* What is expected *
Copy out exactly the stretch below, from the line with "3 Bedroom Flat" through the line with "New 2025 Nissan", both included; the pictures stay out.

* Extracted material *
____________
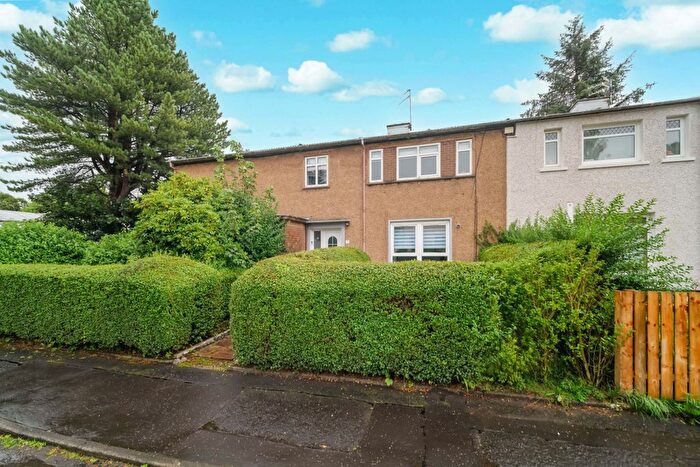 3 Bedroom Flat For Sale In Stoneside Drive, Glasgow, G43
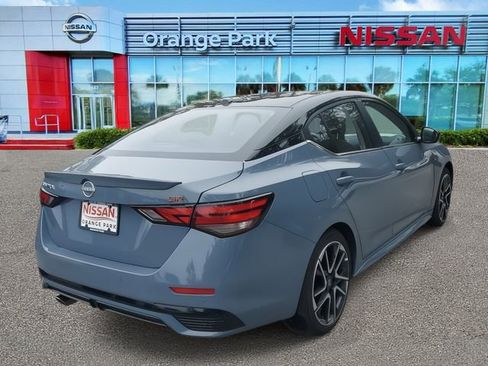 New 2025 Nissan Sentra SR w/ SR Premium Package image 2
____________
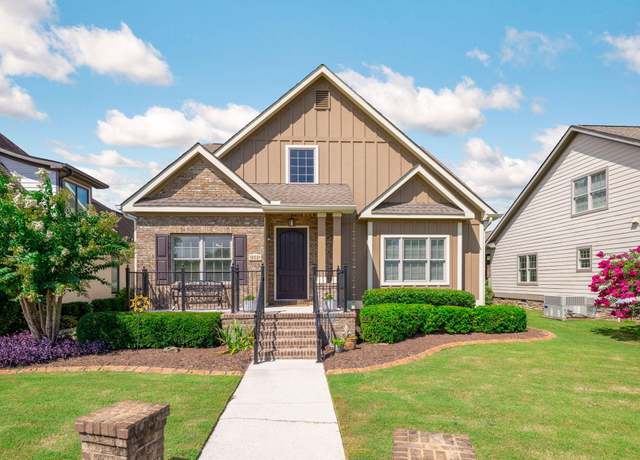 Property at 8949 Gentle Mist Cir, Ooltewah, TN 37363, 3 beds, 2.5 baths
____________
* Solution for this problem *
 3 Bedroom Flat For Sale In Stoneside Drive, Glasgow, G43
 New 2025 Nissan Sentra SR w/ SR Premium Package image 2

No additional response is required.